#### [Task details]
Transcribe each record below character for character.

#### [Supplied data]
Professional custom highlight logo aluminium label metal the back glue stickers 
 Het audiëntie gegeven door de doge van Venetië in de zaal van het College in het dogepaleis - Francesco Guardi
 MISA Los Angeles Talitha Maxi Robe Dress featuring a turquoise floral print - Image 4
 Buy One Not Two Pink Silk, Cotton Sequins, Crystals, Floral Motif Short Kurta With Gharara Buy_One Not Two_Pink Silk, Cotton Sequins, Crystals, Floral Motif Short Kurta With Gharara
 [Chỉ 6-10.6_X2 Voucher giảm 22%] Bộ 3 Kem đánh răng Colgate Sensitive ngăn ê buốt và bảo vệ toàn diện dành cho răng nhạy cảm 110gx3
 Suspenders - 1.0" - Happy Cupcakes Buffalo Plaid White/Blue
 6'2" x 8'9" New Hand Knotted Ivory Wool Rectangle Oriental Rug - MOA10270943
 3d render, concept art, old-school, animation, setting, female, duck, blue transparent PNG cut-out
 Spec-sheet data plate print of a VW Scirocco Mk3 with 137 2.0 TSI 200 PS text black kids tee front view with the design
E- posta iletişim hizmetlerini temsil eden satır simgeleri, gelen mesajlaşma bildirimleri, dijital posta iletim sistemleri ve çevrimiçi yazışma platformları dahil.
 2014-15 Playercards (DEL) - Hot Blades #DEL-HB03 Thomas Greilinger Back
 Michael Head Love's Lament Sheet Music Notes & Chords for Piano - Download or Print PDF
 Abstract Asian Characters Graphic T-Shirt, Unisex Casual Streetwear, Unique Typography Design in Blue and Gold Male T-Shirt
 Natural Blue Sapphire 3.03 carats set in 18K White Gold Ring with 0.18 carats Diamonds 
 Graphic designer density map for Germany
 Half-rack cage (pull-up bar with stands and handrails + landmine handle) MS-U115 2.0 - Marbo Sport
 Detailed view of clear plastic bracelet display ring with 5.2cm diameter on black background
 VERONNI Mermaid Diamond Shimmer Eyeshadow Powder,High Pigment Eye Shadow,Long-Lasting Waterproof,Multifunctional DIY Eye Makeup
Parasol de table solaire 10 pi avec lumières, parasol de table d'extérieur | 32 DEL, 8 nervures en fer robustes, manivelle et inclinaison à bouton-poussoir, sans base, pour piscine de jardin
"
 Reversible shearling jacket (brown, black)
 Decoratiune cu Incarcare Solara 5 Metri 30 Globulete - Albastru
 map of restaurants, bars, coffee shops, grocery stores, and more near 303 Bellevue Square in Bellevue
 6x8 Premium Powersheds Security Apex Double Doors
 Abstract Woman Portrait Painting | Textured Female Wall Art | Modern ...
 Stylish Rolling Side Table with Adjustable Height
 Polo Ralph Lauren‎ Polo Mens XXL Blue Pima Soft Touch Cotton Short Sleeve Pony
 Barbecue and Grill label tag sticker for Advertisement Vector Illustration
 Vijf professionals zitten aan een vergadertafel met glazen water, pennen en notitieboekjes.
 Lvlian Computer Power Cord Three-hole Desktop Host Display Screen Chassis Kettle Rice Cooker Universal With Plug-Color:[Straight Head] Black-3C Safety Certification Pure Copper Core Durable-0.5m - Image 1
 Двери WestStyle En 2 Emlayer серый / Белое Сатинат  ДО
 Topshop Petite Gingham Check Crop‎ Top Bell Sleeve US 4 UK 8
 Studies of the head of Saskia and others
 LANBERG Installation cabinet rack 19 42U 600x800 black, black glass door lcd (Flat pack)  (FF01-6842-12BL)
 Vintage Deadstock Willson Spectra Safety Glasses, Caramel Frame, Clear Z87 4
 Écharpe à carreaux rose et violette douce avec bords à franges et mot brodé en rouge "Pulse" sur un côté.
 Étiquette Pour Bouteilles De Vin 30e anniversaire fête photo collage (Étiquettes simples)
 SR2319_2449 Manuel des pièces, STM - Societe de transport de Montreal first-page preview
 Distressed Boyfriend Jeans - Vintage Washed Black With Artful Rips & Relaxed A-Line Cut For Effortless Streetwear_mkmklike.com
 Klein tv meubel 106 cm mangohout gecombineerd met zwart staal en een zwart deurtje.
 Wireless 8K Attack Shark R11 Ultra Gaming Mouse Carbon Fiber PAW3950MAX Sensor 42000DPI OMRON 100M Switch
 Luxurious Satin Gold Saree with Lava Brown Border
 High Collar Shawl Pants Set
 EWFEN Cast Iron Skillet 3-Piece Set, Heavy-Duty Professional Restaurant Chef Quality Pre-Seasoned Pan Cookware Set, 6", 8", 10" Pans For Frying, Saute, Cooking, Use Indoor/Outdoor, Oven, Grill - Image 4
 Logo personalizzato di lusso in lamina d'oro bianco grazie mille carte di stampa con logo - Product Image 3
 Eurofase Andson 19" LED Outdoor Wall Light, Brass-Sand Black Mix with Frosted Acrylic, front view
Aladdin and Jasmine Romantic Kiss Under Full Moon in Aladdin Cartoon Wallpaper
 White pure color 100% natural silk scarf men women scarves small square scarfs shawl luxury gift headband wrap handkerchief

#### [Written solution]
Professional custom highlight logo aluminium label metal the back glue stickers 
 Het audiëntie gegeven door de doge van Venetië in de zaal van het College in het dogepaleis - Francesco Guardi
 MISA Los Angeles Talitha Maxi Robe Dress featuring a turquoise floral print - Image 4
 Buy One Not Two Pink Silk, Cotton Sequins, Crystals, Floral Motif Short Kurta With Gharara Buy_One Not Two_Pink Silk, Cotton Sequins, Crystals, Floral Motif Short Kurta With Gharara
 [Chỉ 6-10.6_X2 Voucher giảm 22%] Bộ 3 Kem đánh răng Colgate Sensitive ngăn ê buốt và bảo vệ toàn diện dành cho răng nhạy cảm 110gx3
 Suspenders - 1.0" - Happy Cupcakes Buffalo Plaid White/Blue
 6'2" x 8'9" New Hand Knotted Ivory Wool Rectangle Oriental Rug - MOA10270943
 3d render, concept art, old-school, animation, setting, female, duck, blue transparent PNG cut-out
 Spec-sheet data plate print of a VW Scirocco Mk3 with 137 2.0 TSI 200 PS text black kids tee front view with the design
E- posta iletişim hizmetlerini temsil eden satır simgeleri, gelen mesajlaşma bildirimleri, dijital posta iletim sistemleri ve çevrimiçi yazışma platformları dahil.
 2014-15 Playercards (DEL) - Hot Blades #DEL-HB03 Thomas Greilinger Back
 Michael Head Love's Lament Sheet Music Notes & Chords for Piano - Download or Print PDF
 Abstract Asian Characters Graphic T-Shirt, Unisex Casual Streetwear, Unique Typography Design in Blue and Gold Male T-Shirt
 Natural Blue Sapphire 3.03 carats set in 18K White Gold Ring with 0.18 carats Diamonds 
 Graphic designer density map for Germany
 Half-rack cage (pull-up bar with stands and handrails + landmine handle) MS-U115 2.0 - Marbo Sport
 Detailed view of clear plastic bracelet display ring with 5.2cm diameter on black background
 VERONNI Mermaid Diamond Shimmer Eyeshadow Powder,High Pigment Eye Shadow,Long-Lasting Waterproof,Multifunctional DIY Eye Makeup
Parasol de table solaire 10 pi avec lumières, parasol de table d'extérieur | 32 DEL, 8 nervures en fer robustes, manivelle et inclinaison à bouton-poussoir, sans base, pour piscine de jardin
"
 Reversible shearling jacket (brown, black)
 Decoratiune cu Incarcare Solara 5 Metri 30 Globulete - Albastru
 map of restaurants, bars, coffee shops, grocery stores, and more near 303 Bellevue Square in Bellevue
 6x8 Premium Powersheds Security Apex Double Doors
 Abstract Woman Portrait Painting | Textured Female Wall Art | Modern ...
 Stylish Rolling Side Table with Adjustable Height
 Polo Ralph Lauren‎ Polo Mens XXL Blue Pima Soft Touch Cotton Short Sleeve Pony
 Barbecue and Grill label tag sticker for Advertisement Vector Illustration
 Vijf professionals zitten aan een vergadertafel met glazen water, pennen en notitieboekjes.
 Lvlian Computer Power Cord Three-hole Desktop Host Display Screen Chassis Kettle Rice Cooker Universal With Plug-Color:[Straight Head] Black-3C Safety Certification Pure Copper Core Durable-0.5m - Image 1
 Двери WestStyle En 2 Emlayer серый / Белое Сатинат  ДО
 Topshop Petite Gingham Check Crop‎ Top Bell Sleeve US 4 UK 8
 Studies of the head of Saskia and others
 LANBERG Installation cabinet rack 19 42U 600x800 black, black glass door lcd (Flat pack)  (FF01-6842-12BL)
 Vintage Deadstock Willson Spectra Safety Glasses, Caramel Frame, Clear Z87 4
 Écharpe à carreaux rose et violette douce avec bords à franges et mot brodé en rouge "Pulse" sur un côté.
 Étiquette Pour Bouteilles De Vin 30e anniversaire fête photo collage (Étiquettes simples)
 SR2319_2449 Manuel des pièces, STM - Societe de transport de Montreal first-page preview
 Distressed Boyfriend Jeans - Vintage Washed Black With Artful Rips & Relaxed A-Line Cut For Effortless Streetwear_mkmklike.com
 Klein tv meubel 106 cm mangohout gecombineerd met zwart staal en een zwart deurtje.
 Wireless 8K Attack Shark R11 Ultra Gaming Mouse Carbon Fiber PAW3950MAX Sensor 42000DPI OMRON 100M Switch
 Luxurious Satin Gold Saree with Lava Brown Border
 High Collar Shawl Pants Set
 EWFEN Cast Iron Skillet 3-Piece Set, Heavy-Duty Professional Restaurant Chef Quality Pre-Seasoned Pan Cookware Set, 6", 8", 10" Pans For Frying, Saute, Cooking, Use Indoor/Outdoor, Oven, Grill - Image 4
 Logo personalizzato di lusso in lamina d'oro bianco grazie mille carte di stampa con logo - Product Image 3
 Eurofase Andson 19" LED Outdoor Wall Light, Brass-Sand Black Mix with Frosted Acrylic, front view
Aladdin and Jasmine Romantic Kiss Under Full Moon in Aladdin Cartoon Wallpaper
 White pure color 100% natural silk scarf men women scarves small square scarfs shawl luxury gift headband wrap handkerchief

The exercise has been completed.